Apartheid heißt schrankenlose Ausbeutung der Schwarzen. Bedeutet weniger als ein Siebentel des Landes als „homelands“ für 70 Prozent seiner Bewohner. Bedeutet rücksichtslose Auseinanderreißung der Familien, Entwurzelung, Isolation. Bedeutet zehnmal so hohen Erziehungsaufwand für weiße Kinder — bei sinkender Tendenz für die schwarzen. Bedeutet faktisch Zwangsarbeit für Schwarze, die sich „unerlaubt“ in weißen Städten aufhalten, denn Arbeitsfähige werden selten in ihre „homelands“, die sie meist nie gesehen haben, viel häufiger in die Minen „abgeschoben“.

Südafrika ist die (hoffentlich) letzte Gesellschaft dieser Erde, die ihren Reichtum der Sklaverei verdankt.

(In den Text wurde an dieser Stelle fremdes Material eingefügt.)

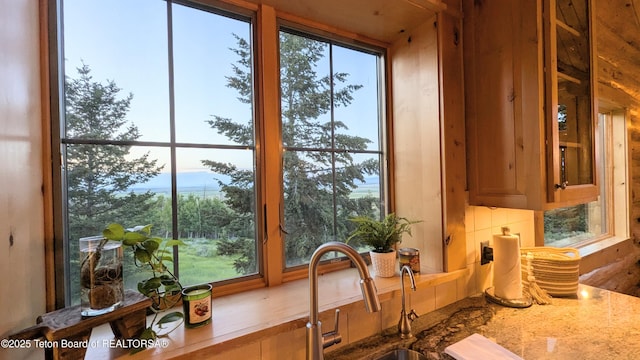 8157 Ripplinger Rd, Driggs, ID 83422 - kitchen view of tasteful backsplash and brown cabinets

Allerdings ging es in einem Teil der antiken Sklavenhaltergesellschaften einem -großen Teil der Sklaven besser als der Mehrzahl der südafrikanischen Schwarzen. Sie hatten wenigstens die Hoffnung auf Freilassung. Für Menschen, die sich nicht nur Christen nennen, sondern auch ein christliches Gewissen haben, ist Südafrika ein unerträglicher Skandal. Dasselbe gilt für Sozialisten.

Aber da sind leider die Sachzwän-ge. Da ist der Druck, den in einer auf Konkurrenz beruhenden Weltordnung jeder auf jeden ausübt. Ethische Kriterien bei ökonomischen Entscheidungen sind seit einiger Zeit abgeschafft. Darum exportieren wir nach Südafrika und investieren in Südafrika und belehren dessen Premierminister, wenn er nach Europa reist. Sollte es jemals zum südafrikanischen Blutbad kommen — wir waschen unsere Hände in Unschuld.